Then there is what is commonly known as “Daily Telegraphese,” or the “high falutin” style. This arose from the invincible objection an inferior class of journalists had to writing of a spade as a spade, it must be called an “agricultural implement.” Examples of this may be found any day in the leaders of the Daily Telegraph, (London) a journal which whilst owned by Jews is especially conspicuous for its cant about Christianity and the Established Church. The parade of irrelevant learning, the mythological allusions dug up from the almost inaccessible depths of Lemprière, and the Latin verses cheaply filched from Dictionaries of Quotations, can only impose on imperfectly educated readers, to persons of any literary culture they are simply nauseating.

On [page 251] Jerry Juniper’s Chaunt (“Nix my dolly pals”) was given, it is the somewhat abbreviated version which is commonly sung, the full text, with a glossary, will be found in Ainsworth’s entertaining novel Rookwood.

This work contains other cant songs, and in his Preface Mr. Ainsworth makes the following remarks upon them:—

“As I have casually alluded to the flash song of Jerry Juniper, I may be allowed to make a few observations upon this branch of versification. It is somewhat curious with a dialect so racy, idiomatic, and plastic as our own cant, that its metrical capabilities should have been so little essayed. The French have numerous chansons d’argot, ranging from the time of Charles Bourdigné and Villon down to that of Vidocq and Victor Hugo, the last of whom has enlivened the horrors of his “Dernier Jour d’un Condamné” by a festive song of this class. The Spaniards possess a large collection of Romances de Germania, by various authors, amongst whom Quevedo holds a distinguished place. We on the contrary, have scarcely any slang songs of merit. This barreness is not attributable to the poverty of the soil, but to the want of due cultivation. Materials are at hand in abundance, but there have been few operators. Dekker, Beaumont and Fletcher, and Ben Jonson, have all dealt largely in this jargon, but not lyrically; and one of the earliest and best specimens of a canting-song occurs in Brome’s ‘Jovial Crew;’ and in the ‘Adventures of Bamfylde Moore Carew’ there is a solitary ode addressed by the mendicant fraternity to their newly-elected monarch; but it has little humour, and can scarcely be called a genuine canting-song. This ode brings us down to our own time; to the effusions of the illustrious Pierce Egan; to Tom Moore’s Flights of ‘Fancy;’ to John Jackson’s famous chant, ‘On the High Toby Spice flash the Muzzle,’ cited by Lord Byron in a note to ‘Don Juan;’ and to the glorious Irish ballad, worth them all put together, entitled ‘The Night before Larry was stretched.’ This is attributed to the late Dean Burrowes, of Cork. It is worthy of note, that almost all modern aspirants to the graces of the Musa Pedestris are Irishmen. Of all rhymesters of the ‘Road,’ however, Dean Burrowes is, as yet, most fully entitled to the laurel. Larry is quite ‘the potato!’

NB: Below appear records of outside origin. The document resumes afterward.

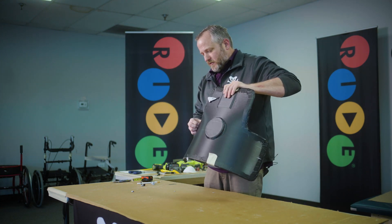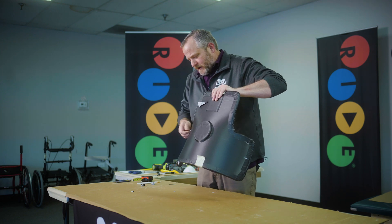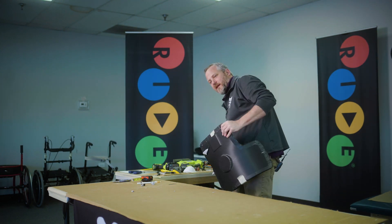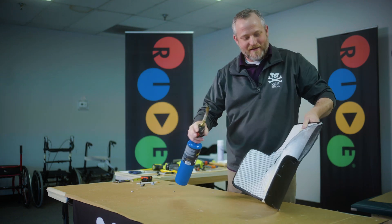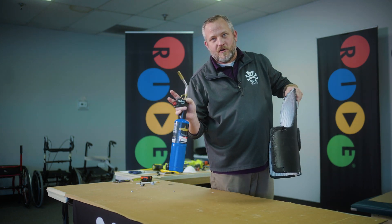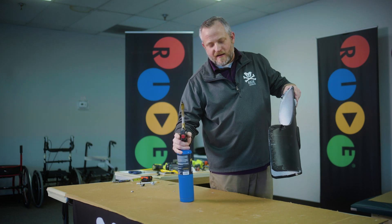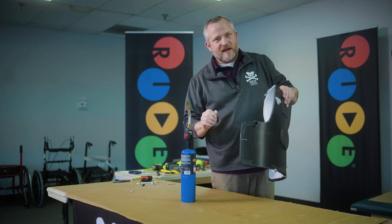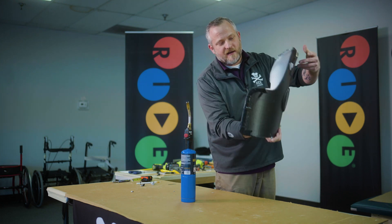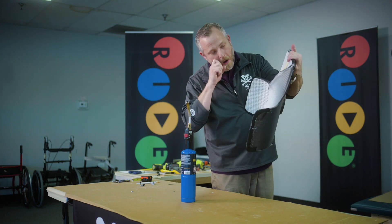If you overheat, this will turn really liquidy — that's a technical term. I'm taking my propane torch. You don't want to use map gas, just use propane. You could use a heat gun if you had three days to do it; it's going to take some time, so I encourage you to use a torch.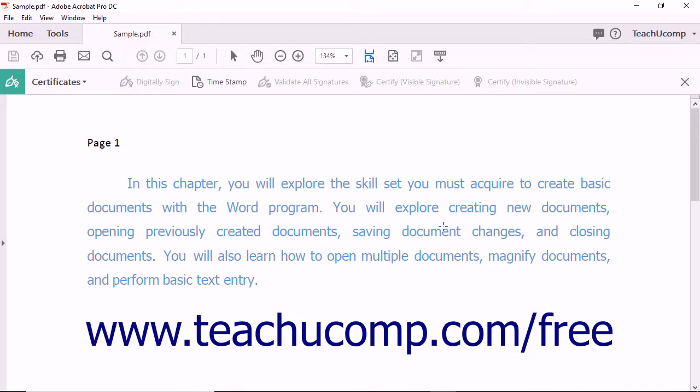The mouse pointer changes to a crosshair tool when you hold it over the page in the PDF. Click and drag over the area in the PDF where you want the digital signature to appear.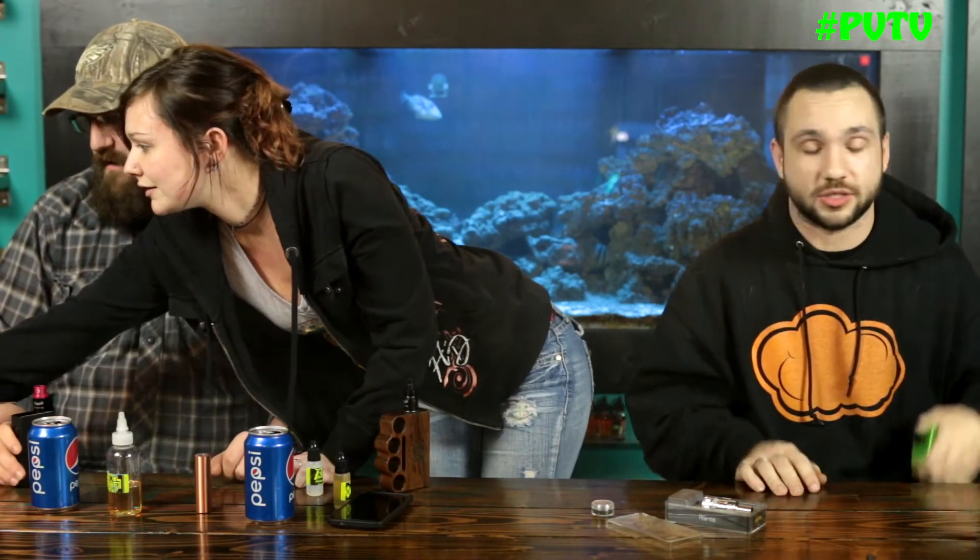Giveaway time! In our last episode, we were going to pick one lucky subscriber to win the authentic white Onyx mod, which was given to us by Nick Woods — thank you very, very much. To pick our lucky winner, we are going to use random.org. They're super awesome and convenient to use. You just type in all the names, click a few buttons, and it randomizes everything.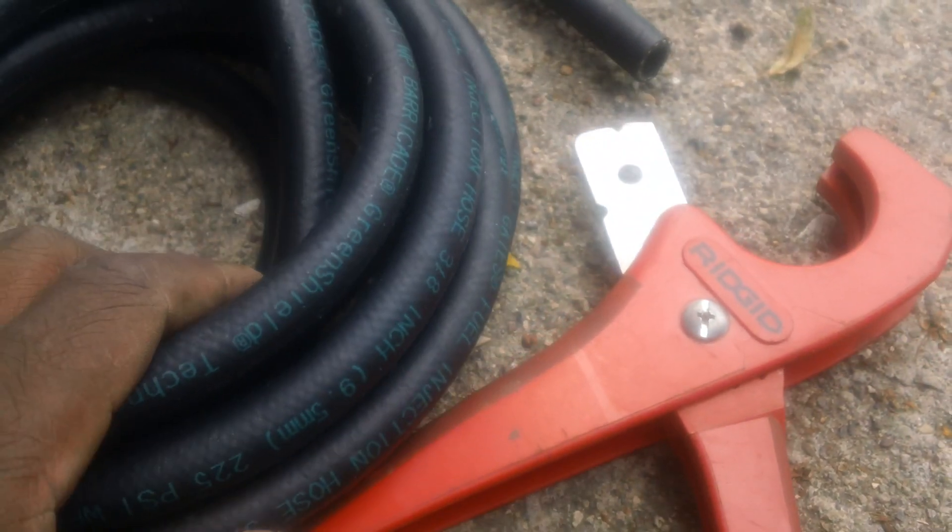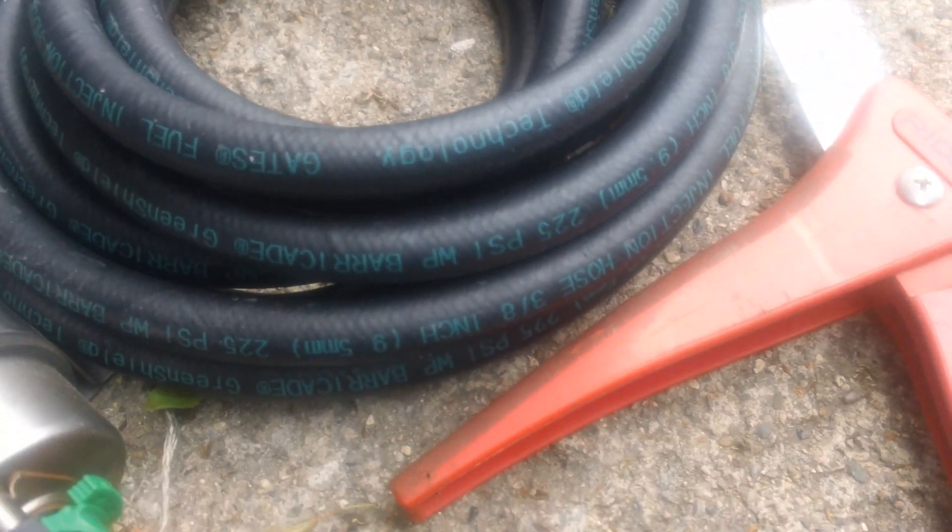This is Gates fuel injection hose — I don't see a part number on it, but it's three-eighths inch, about seven dollars a foot at the store. If you order it off eBay you get it a whole lot cheaper. I got 15 feet for maybe 20 to 30 bucks, whereas at the store it's like six or seven dollars a foot.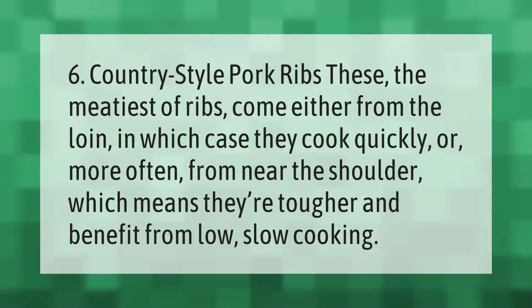Country style pork ribs are the meatiest of ribs. They come either from the loin, in which case they cook quickly, or more often from near the shoulder, which means they're tougher and benefit from low, slow cooking.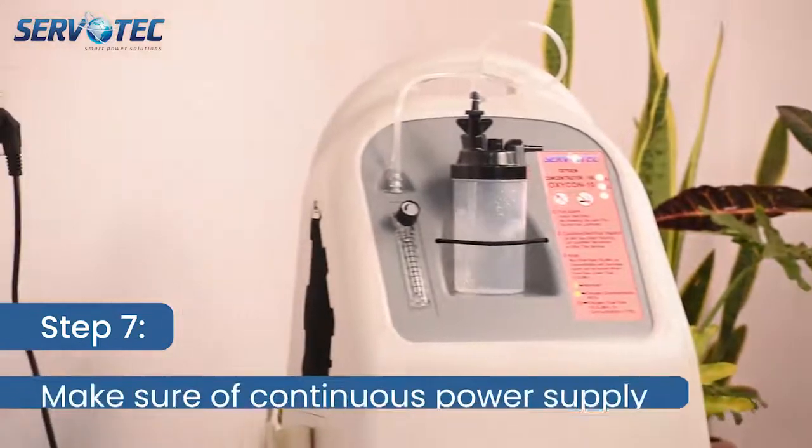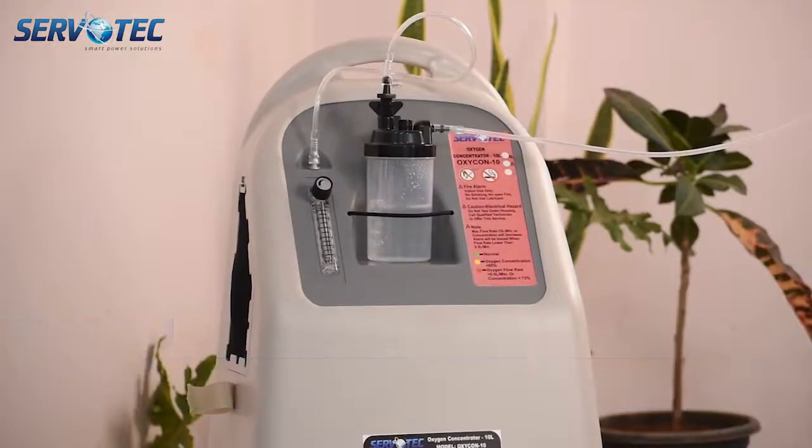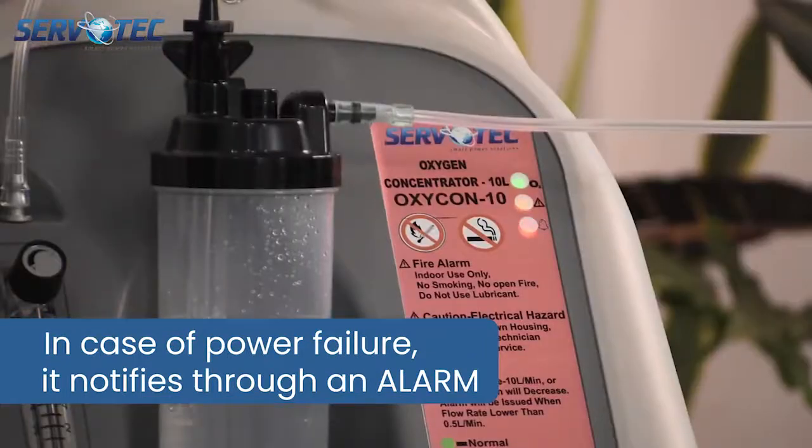Step 7. Make sure the oxygen concentrator is connected to a continuous power source. In case of power failure, it notifies through an alarm.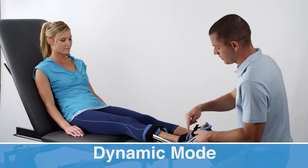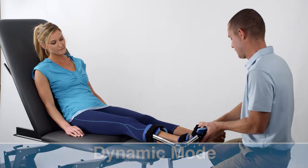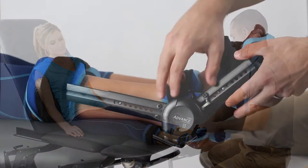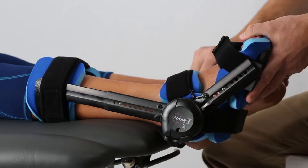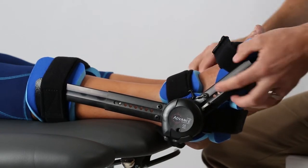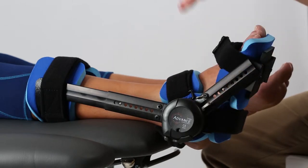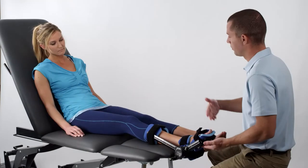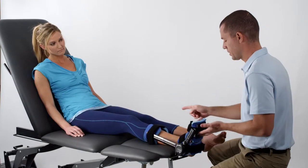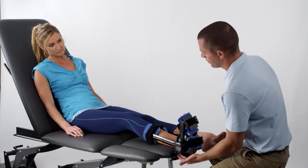With the device secure and properly adjusted, the next step is to place the device into dynamic mode. First, disengage the lock lever's safety by swinging it away from the lock lever. Then apply a slight force on the strut to disengage the lock lever. The ankle orthosis now provides a dynamic stress on the ankle.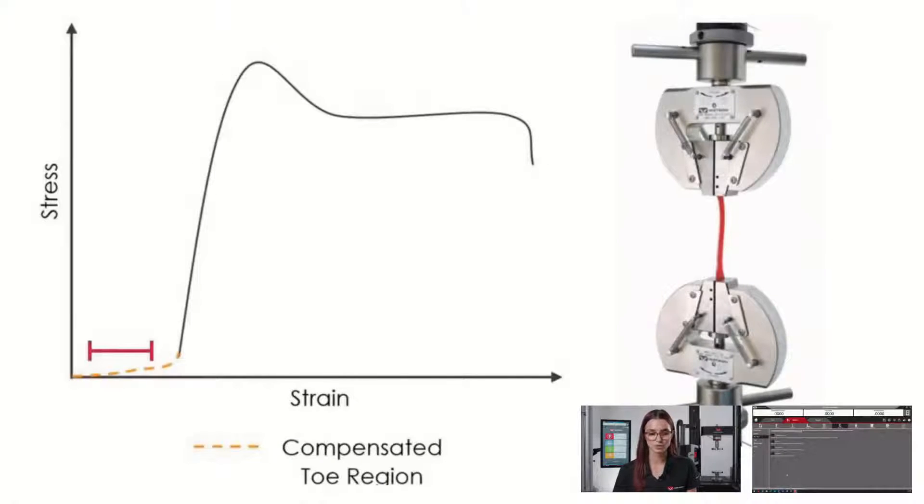Preload and slack correction are a method to remove the slack of your specimens. As shown in this graph, this is a typical curve you would see where the slack has not been removed. At the beginning of the curve, you see a region in which the force does not increase. Once the specimen then becomes taut, the load will then increase.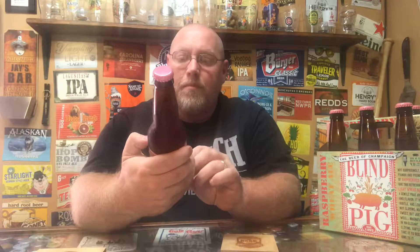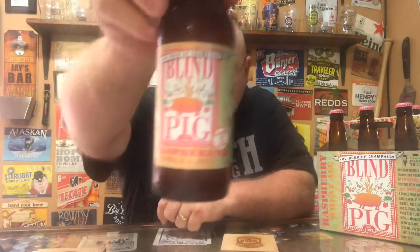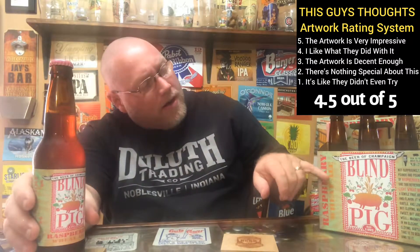I went out, did some shopping, and came across a six-pack of it, so I picked it up. I have had this before. This is Blind Pig Brewing out of Champaign, Illinois, and this is their Raspberry Wheat. Get a good look at the artwork and logo — definitely like this stuff. As far as artwork scoring goes, we're going to give this a four and a half out of five. Pretty cool.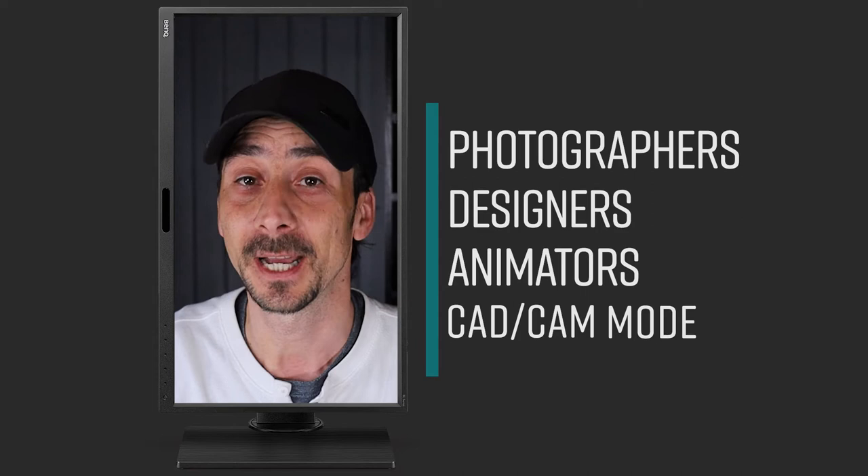Today I'm going to show you the BenQ BL2420PT monitor, specially made for creators — photographers, designers, animators — and also CAD/CAM ready. Best of all, the monitor is in a fantastic price range. If you've been wondering whether to buy this monitor, the full review and overview is coming right now.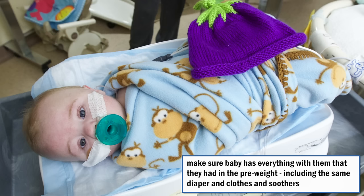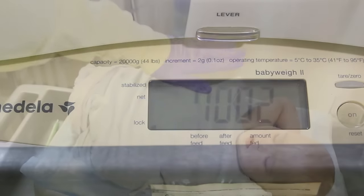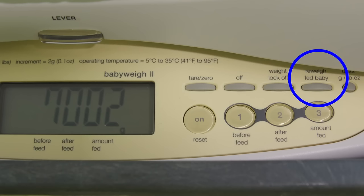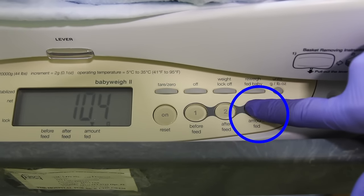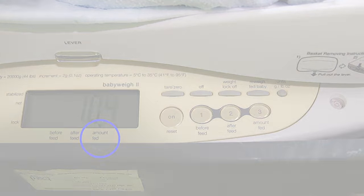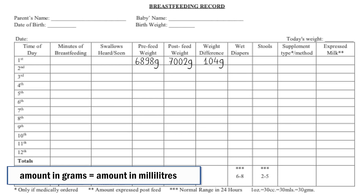Place the infant back on the scale in exactly the same way as before. Wait for the beep and lock, with your hand hovering over the baby. If you do not manage to get all the lines on the scale before it locks, press 're-weigh fed baby' and wait for the lock. Press 2 while the baby is still on the scale to input the weight for the calculation. Notice the arrow moves to 'after feed.' Press 3 to see the weight gain. Notice the arrow moves to 'amount fed.' Record the post-feed weight and weight difference on the breastfeeding record. The amount shown in grams is equal to that same amount in milliliters.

“I venture to affirm that I have done something more than has been accomplished by my predecessors, or contemporaries, with the significant language under consideration. I have written a purely flash song; of which the great and peculiar merit consists in its being utterly incomprehensible to the uninformed understanding, while its meaning must be perfectly clear and perspicuous to the practised patterer of Romany, or Pedler’s French. I have, moreover, been the first to introduce and naturalize amongst us a measure which, though common enough in the Argotic minstrelsy of France, has been hitherto utterly unknown to our pedestrian poetry. Some years after the song alluded to, better known under the title of ‘Nix my dolly, pals,—fake away!’ sprang into extraordinary popularity, being set to music by Rodwell, and chanted by glorious Paul Bedford and clever little Mrs. Keeley.”

Of course Mr. Ainsworth is in error in his claim to have written the first purely flash song, if indeed that is what he claims in his somewhat ambiguous sentence on the subject.

Detached Slang phrases may be found in the writings of most of our principal novelists—in Swift, Addison, Henry Fielding, Lord Lytton, Harrison Ainsworth, and Charles Dickens they abound. Professor Wilson and Dr. Maginn were also authorities on Slang.

Our older dramatists introduced Slang largely into their plays, notably Shakespeare, Ben Jonson, Beaumont and Fletcher, Richard Brome, Thomas Middleton, Thomas Decker, the Duke of Buckingham, and more recently R. B. Sheridan and Moncrieff.

Our dear little friend Notes and Queries (London) contains many hundreds of references, explanations, and etymologies of Cant, Slang, and Flash, to which access can be readily obtained by reference to the indices of that ably conducted journal.

As a general remark on the songs which have been quoted, it should be borne in mind that prior to 1829 the punishment of death was inflicted for many offences which are now considered trivial, hence the frequent references they contain to hanging, and the gallows.


The Printer’s Epitaph.

From Songs of the Press, and other Poems relative to the Art of Printing. Collected by C. H. Timperley. London: Fisher, Son & Co., 1845.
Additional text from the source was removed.